Oh boy! I get to talk about how I hate JRPG's for being a mess!
So first of all, the combat in these games is essentially a puzzle at the high end, at the low end it's basically a time sink to press confirm on attack several times over. Again, as DanVzare said:
If it doesn't do damage, it goes in the bin.
Because ultimately using a status effect is a whole extra lot of time and in the majority of the time wasting fights you would rather not use resource in, it's a pain in the ass to go into the magic menu, select stun, watch the effect maybe miss because you didn't know its only 20% accurate and then proceed to just select attack a whole bunch again because it's a random encounter.

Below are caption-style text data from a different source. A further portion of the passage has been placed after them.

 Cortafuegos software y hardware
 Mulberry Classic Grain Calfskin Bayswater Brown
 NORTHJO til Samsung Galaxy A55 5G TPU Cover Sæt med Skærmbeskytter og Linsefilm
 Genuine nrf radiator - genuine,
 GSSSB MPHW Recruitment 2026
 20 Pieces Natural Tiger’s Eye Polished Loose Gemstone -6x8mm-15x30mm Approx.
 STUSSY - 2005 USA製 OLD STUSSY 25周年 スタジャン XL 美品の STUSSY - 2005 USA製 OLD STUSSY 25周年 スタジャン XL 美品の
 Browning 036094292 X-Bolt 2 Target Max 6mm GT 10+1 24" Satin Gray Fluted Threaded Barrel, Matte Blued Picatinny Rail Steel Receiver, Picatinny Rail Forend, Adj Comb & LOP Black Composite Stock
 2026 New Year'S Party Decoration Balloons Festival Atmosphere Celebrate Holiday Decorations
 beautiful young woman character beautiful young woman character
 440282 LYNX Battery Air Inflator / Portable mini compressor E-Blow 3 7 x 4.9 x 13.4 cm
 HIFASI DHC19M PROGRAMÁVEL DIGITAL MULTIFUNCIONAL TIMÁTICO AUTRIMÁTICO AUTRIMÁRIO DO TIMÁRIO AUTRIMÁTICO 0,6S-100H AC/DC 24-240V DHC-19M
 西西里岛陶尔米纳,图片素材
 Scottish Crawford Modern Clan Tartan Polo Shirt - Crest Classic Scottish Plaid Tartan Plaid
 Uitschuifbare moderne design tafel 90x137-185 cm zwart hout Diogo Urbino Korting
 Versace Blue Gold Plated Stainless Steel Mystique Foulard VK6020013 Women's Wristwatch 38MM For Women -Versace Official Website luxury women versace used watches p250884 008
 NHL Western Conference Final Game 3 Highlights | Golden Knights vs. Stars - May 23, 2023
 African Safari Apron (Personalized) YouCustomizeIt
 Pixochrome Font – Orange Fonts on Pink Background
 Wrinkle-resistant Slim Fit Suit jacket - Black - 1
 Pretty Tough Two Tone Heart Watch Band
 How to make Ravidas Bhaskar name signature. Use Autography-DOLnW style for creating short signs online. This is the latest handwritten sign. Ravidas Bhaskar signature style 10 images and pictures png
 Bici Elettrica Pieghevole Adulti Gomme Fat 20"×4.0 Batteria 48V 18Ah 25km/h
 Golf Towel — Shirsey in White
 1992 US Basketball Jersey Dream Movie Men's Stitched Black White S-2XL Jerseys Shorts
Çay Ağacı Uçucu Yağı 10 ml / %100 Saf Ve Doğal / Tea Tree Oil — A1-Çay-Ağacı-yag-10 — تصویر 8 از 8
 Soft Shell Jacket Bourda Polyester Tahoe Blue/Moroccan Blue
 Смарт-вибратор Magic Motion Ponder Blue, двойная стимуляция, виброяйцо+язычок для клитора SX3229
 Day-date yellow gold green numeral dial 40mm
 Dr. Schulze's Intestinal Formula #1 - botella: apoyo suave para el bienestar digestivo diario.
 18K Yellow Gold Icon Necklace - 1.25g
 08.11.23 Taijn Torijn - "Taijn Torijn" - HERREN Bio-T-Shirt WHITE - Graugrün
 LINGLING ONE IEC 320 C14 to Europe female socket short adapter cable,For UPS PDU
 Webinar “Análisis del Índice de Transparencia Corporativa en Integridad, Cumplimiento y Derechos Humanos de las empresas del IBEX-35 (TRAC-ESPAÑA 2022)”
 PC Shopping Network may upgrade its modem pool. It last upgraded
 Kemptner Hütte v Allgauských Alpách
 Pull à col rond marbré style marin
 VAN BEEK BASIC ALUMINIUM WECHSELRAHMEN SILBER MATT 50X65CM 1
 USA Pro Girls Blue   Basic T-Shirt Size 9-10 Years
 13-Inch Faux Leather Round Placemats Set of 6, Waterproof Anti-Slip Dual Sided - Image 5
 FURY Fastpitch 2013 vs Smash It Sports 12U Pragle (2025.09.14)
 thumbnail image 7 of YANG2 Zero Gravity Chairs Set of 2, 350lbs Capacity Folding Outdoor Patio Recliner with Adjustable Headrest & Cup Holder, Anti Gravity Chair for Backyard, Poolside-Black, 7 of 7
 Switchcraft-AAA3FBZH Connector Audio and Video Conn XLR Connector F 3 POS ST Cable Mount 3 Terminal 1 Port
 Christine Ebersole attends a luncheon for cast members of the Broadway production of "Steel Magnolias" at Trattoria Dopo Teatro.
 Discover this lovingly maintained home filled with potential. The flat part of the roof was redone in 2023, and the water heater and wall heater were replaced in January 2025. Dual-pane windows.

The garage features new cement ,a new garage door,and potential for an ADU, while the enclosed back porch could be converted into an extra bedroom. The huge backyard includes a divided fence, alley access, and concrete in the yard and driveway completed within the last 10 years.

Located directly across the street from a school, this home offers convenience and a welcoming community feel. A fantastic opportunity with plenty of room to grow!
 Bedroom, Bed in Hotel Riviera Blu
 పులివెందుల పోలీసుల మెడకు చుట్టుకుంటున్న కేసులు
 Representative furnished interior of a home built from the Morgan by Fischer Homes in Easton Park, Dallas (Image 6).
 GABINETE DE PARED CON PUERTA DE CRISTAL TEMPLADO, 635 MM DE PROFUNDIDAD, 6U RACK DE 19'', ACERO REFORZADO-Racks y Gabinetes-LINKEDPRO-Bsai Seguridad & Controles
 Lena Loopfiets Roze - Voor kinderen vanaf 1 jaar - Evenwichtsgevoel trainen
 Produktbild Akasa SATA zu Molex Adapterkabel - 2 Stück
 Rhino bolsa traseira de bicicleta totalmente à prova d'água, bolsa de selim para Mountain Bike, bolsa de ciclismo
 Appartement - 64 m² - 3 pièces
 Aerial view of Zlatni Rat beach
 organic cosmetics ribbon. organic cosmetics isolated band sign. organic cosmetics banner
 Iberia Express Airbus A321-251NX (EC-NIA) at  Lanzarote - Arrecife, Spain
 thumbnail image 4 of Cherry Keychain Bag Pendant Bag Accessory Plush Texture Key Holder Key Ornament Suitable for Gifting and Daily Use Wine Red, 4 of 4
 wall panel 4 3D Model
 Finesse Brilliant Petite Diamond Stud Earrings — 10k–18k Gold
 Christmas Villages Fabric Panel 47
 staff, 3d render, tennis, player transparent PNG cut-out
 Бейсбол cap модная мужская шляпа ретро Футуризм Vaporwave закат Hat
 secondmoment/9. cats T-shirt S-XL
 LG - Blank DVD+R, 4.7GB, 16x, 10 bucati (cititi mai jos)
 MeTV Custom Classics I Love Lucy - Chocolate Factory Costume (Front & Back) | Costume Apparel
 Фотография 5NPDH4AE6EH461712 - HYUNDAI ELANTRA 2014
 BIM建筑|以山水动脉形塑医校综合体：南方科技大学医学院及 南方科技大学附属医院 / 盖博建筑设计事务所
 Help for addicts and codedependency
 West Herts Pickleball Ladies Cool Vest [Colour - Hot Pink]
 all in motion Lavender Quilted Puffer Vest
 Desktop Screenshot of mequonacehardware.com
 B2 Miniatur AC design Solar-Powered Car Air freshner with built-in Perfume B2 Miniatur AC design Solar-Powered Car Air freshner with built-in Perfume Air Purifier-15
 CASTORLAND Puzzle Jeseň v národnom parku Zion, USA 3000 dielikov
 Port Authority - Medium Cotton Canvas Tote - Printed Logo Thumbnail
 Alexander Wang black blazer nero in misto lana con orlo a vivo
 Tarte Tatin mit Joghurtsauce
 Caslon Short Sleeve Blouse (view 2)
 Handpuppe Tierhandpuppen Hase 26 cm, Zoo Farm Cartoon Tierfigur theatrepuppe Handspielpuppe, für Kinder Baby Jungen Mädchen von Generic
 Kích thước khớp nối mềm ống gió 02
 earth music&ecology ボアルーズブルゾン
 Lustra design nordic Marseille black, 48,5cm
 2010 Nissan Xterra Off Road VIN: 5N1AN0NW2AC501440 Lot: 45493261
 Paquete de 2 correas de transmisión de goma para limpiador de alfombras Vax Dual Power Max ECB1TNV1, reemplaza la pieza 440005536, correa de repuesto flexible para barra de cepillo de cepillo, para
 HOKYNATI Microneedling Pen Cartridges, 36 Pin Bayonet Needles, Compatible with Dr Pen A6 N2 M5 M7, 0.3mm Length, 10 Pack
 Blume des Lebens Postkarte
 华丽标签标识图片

That's probably one of the main issues with JRPG's, because people are playing them for the story and not the combat puzzle, most encounters you go into without knowing what the status effect really does and who can even be hit with it. Shin Megami is often okay with stuff like that, but again there's often better options to kill an enemy with.
Stuff like poison and things normally hit you harder because the game has a chance to whittle you down over multiple encounters while you are focused on ending the one you're on so the next one can pop up.
A lot of JRPG's also don't have the same level of variation in combat as other games do, so a DOT is just that, damage over time and if it does less damage over that time than it would to just hit them. Not great. In other games a DOT might put additional pressure on the enemy because now they need to think about the damage they might be taking. JRPG's often no, just take your turn and don't waste too much time so you can get to the next story beat.
To go back to status effects, they dont scale. JRPG's often have leveling in them to make yourself stronger and if the status effect isnt going to get stronger, its going to be out scaled. This is especially bad in a JRPG because leveling is so important in them and again, not much variability. A stun is a stun, there's turns, no movement, no positioning. Just health bars to beat down to 0.
I feel the problem with a lot of JRPG's is they just approach combat all wrong, it's a chore and mostly not fun. A few games get that they're puzzle games really like the FFT series, or in pokemon's case a PvP game where they can mix things up.
So that's my rant that's not formatted very well at all, it's been a long time since I got deep into a JRPG and it seems a lot of the re-releases push towards making the games easier or just be an action game.